The output is then stabilized through an addition and a layer normalization operation:

$$\begin{aligned} \textbf{X}_{\text {mask}} = \text {LayerNorm}(\textbf{A}_{\text {mask}} + \textbf{O}). \end{aligned}$$
(24)

Following this, another multi-head attention layer is employed to cross-reference the decoder’s inputs with the encoder’s outputs. The operation for this attention mechanism can be formulated as follows:

$$\begin{aligned} \textbf{A}_{\text {cross}} = \text {Attention}(\textbf{Q}_{\text {cross}}, \textbf{K}_{\text {enc}}, \textbf{V}_{\text {enc}}). \end{aligned}$$
(25)

Likewise before, addition and layer normalization was applied on output:

$$\begin{aligned} \textbf{X}_{\text {cross}} = \text {LayerNorm}(\textbf{A}_{\text {cross}} + \textbf{X}_{\text {mask}}). \end{aligned}$$
(26)

Subsequently, a feed-forward neural network (FFN) is incorporated into each decoder block. Comprising of two dense layers, this FFN refined the feature set by adding another layer of abstraction. The mathematical representation of this FFN is:

$$\begin{aligned} \textbf{F} = \sigma _2 (\textbf{W}_2 \sigma _1 (\textbf{W}_1 \textbf{X}_{\text {cross}} + \textbf{b}_1) + \textbf{b}_2). \end{aligned}$$
(27)

An addition and a layer normalization were applied again for final time:

$$\begin{aligned} \textbf{X}_{\text {FFN}} = \text {LayerNorm}(\textbf{F} + \textbf{X}_{\text {cross}}). \end{aligned}$$
(28)

To adequately capture the spatio-temporal dynamics in the data, the architecture employed two-chained decoder blocks. Short-term pattern extraction was focused on by the first one while understanding the more extended temporal relationships was aimed at by the second one. This hierarchical approach ensured the model’s proficiency in generating future trajectories that are both locally precise and globally coherent.

6.3 Final Mapper

The architecture is completed with a dense layer that efficiently maps the rich feature vectors generated by the decoder into accurate trajectory predictions. A dense neural network generated a \(12 \times 3\) matrix in this layer which represented the three prediction features \(\text {Local}_x\), \(\text {Local}_y\), and \(\text {Lane\_ID}\) over 12 sequential time steps.
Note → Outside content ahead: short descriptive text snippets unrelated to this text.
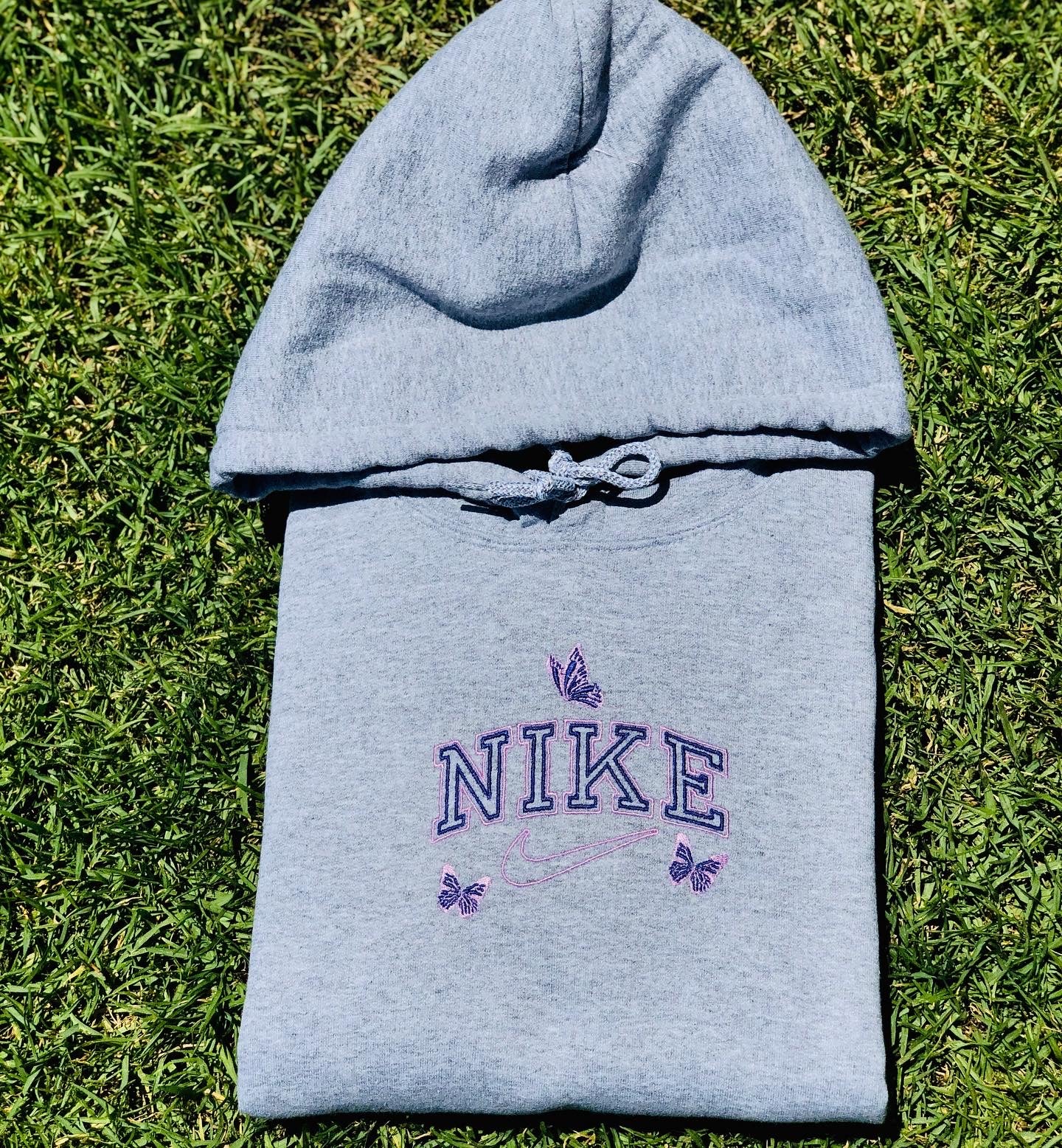 Butterfly Swoosh Hoodie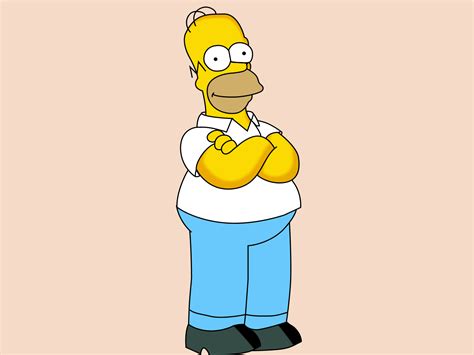 Homer Simpson Character by Akanksha on Dribbble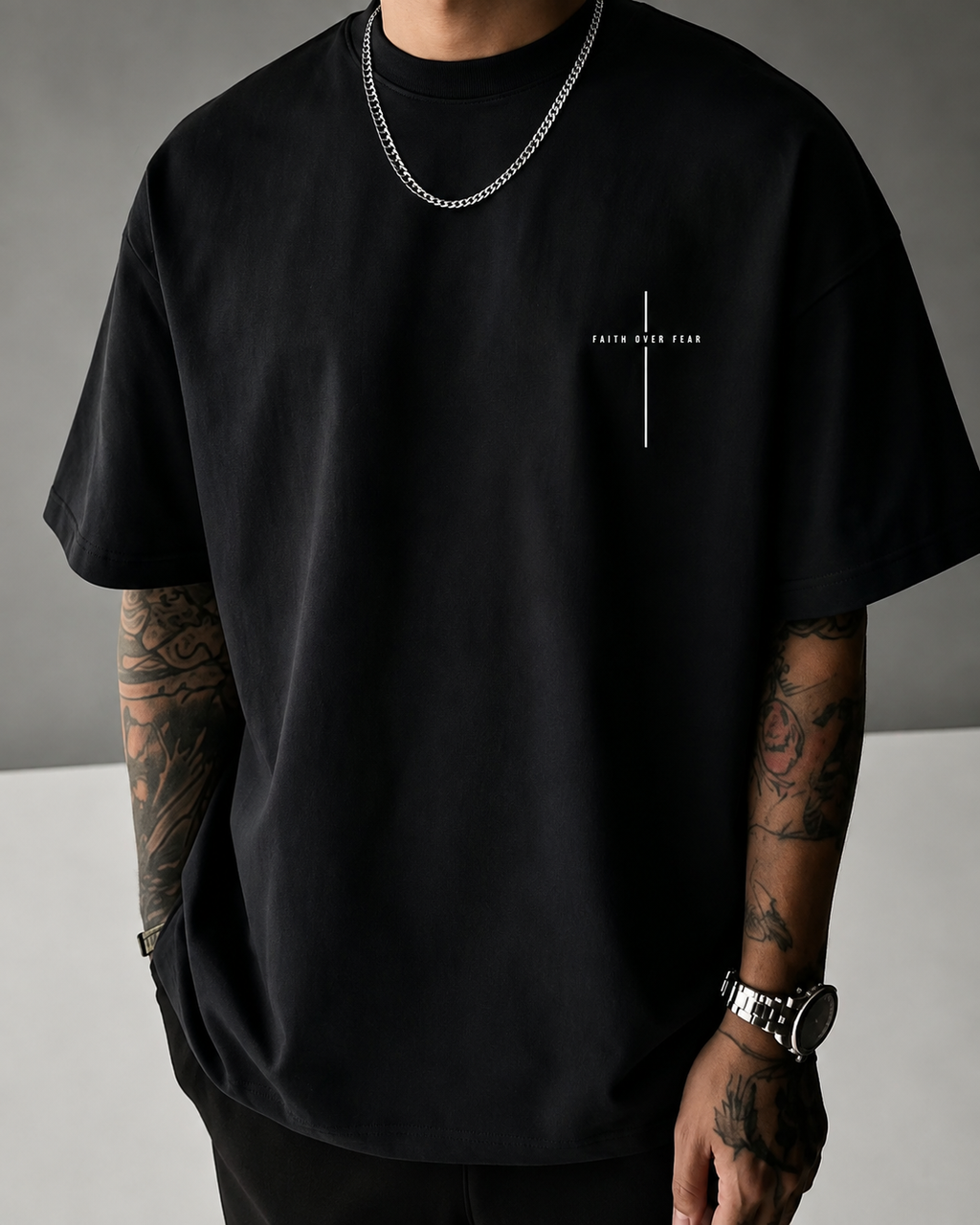 Faith Over Fear Premium T-Shirt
Mathematically, the input to the mapping layer can be denoted as \(\textbf{Z} \in \mathbb {R}^{12 \times 72}\), which is the concatenation of two matrices: the decoder output \(\textbf{D} \in \mathbb {R}^{12 \times 64}\) and a repeated vector \(\textbf{R} \in \mathbb {R}^{12 \times 8}\) of the target vehicle’s last frame data. The dense mapping layer then applied a linear transformation to \(\textbf{Z}\) to yield the predicted output \(\textbf{Y} \in \mathbb {R}^{12 \times 3}\); with a weight matrix \(\textbf{W} \in \mathbb {R}^{3 \times 72}\) and a bias vector \(\textbf{b} \in \mathbb {R}^{3}\). This linear mapping is designed to convert the abstract feature space into concrete, meaningful outputs that directly correspond to target prediction features.

This trajectory blueprint in \(\textbf{O}\) captured our model’s ability to discern and predict the future path. Specifically, each row in this matrix provided a precise snapshot of the predicted location and lane status. In illustration, \(\bar{{\text {Local}} X}\), \(\bar{{\text {Local}} Y}\), and \(\bar{{\text {Local}}}\) are represented by matrix’s columns, respectively.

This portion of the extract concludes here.